How the high corporate tax rate pushes U.S. companies to stash their cash overseas
Amidst all the partisan rancor surrounding the fiscal cliff, there is one budgetary issue on which both Democrats and Republicans largely find themselves in agreement: The corporate tax rate is too damn high. At 35 percent, it is one of the highest corporate rates in the developed world, and President Obama has proposed reducing it to 28 percent as part of a larger overhaul of the tax code. Reform is widely considered necessary because the current set-up "presents the worst of all worlds," say Jia Lynn Yang and Suzy Khimm at The Washington Post. "Rates that are relatively high and tax receipts that are too low."
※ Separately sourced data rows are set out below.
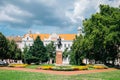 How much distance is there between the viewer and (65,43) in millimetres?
120625

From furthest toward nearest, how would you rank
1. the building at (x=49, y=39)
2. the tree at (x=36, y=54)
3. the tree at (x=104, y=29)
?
the building at (x=49, y=39)
the tree at (x=36, y=54)
the tree at (x=104, y=29)

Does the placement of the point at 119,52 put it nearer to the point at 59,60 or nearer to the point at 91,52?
the point at 91,52

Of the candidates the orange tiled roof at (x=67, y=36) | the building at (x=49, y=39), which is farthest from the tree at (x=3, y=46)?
the orange tiled roof at (x=67, y=36)

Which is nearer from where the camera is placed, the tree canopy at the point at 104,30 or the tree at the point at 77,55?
the tree canopy at the point at 104,30

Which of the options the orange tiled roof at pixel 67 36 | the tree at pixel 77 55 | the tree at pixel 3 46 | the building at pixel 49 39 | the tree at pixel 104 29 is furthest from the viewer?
the orange tiled roof at pixel 67 36

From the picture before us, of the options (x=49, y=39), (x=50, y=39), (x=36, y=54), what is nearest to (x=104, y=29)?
(x=36, y=54)

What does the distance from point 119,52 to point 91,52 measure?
239 inches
Why is tax revenue so low? Because the high rate has pushed America's largest corporations to park their cash overseas. "At a time when American companies hold near record amounts of cash, many are surprisingly cash-poor at home," says Kate Linebaugh at The Wall Street Journal.
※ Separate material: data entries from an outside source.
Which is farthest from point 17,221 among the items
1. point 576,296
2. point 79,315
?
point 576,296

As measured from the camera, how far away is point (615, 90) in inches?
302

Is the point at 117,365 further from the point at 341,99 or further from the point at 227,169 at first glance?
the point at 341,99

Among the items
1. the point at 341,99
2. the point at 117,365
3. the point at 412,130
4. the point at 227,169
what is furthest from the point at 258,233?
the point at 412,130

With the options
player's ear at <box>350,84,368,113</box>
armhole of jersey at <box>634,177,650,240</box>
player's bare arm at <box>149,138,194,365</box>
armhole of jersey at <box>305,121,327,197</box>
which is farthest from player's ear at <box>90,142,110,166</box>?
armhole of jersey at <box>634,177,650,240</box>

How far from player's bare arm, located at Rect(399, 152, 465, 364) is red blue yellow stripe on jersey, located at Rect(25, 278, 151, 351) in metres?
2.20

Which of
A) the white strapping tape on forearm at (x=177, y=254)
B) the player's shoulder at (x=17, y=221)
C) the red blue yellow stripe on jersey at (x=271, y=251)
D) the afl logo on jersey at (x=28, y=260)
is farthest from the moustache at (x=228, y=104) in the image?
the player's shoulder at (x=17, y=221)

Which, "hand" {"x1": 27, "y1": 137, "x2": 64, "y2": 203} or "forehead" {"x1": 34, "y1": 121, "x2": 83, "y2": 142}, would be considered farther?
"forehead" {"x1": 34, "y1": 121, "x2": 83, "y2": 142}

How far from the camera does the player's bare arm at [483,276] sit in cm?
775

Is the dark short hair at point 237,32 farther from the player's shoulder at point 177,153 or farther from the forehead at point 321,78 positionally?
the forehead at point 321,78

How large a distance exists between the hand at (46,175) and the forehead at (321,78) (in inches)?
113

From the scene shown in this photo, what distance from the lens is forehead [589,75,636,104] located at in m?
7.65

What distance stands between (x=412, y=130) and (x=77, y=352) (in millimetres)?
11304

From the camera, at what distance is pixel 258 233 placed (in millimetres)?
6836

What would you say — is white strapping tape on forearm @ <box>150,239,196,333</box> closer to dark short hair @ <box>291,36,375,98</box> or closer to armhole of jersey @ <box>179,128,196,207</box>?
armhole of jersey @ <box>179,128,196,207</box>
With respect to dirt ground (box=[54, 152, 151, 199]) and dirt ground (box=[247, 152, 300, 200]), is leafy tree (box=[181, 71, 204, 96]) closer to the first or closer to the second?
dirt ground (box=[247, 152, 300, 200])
How bad is it? According to the Journal, General Electric keeps only $30.7 billion of its $85.5 billion in cash reserves in the U.S.; Microsoft has $8.6 billion in the states, and a whopping $58 billion overseas; Whirlpool keeps 85 percent of its cash offshore; and Johnson & Johnson has socked all of its $24.5 billion in other countries.
A lack of funds in America has forced companies to borrow money to do business in the U.S., such as paying dividends, buying back shares, repaying debts, and contributing to worker pensions. Government regulators are reportedly concerned that companies are more debt-laden than their strong balance sheets would suggest, while companies claim that a lower rate would allow them to invest more in the U.S. and create more jobs.
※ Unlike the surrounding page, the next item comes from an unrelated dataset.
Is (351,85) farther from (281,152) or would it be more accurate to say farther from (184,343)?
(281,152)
While there is general agreement that the corporate tax code has to be reformed, there are big differences in how Republicans and Democrats want to approach the problem. Obama has proposed reducing the corporate tax rate at home, while also implementing a "global minimum tax" that would require multinational corporations to make up the difference between lower, foreign tax rates and the U.S. rate. Under such a scheme, corporations would effectively pay the same tax rate no matter where they made their money, which would theoretically encourage them to bring their operations and cash back to the U.S.
On the other hand, many companies, supported by advocacy groups like the Chamber of Commerce, have proposed creating what's known as a "territorial tax system," in which taxes on foreign income are eliminated entirely. They argue that this would allow them to repatriate all their money back to the U.S. Furthermore, many other countries, such as Japan, use some form of a territorial tax system, which means foreign companies often pay less in taxes when they invest overseas, giving them an advantage over American companies in the global marketplace.
A territorial tax system has many supporters in the Republican Party, but the GOP has so far provided few details on how such a system would work in practice. Tax analysts say eliminating taxes on foreign income completely "would blow a hole in tax revenue, give multinationals more leeway to exploit tax havens, and drive jobs overseas," say Yang and Khimm. However, keeping some safeguards in place — such as Japan's policy of taxing companies for income made in countries where the tax rate is below 20 percent — could protect American workers while boosting tax revenue for the U.S. government.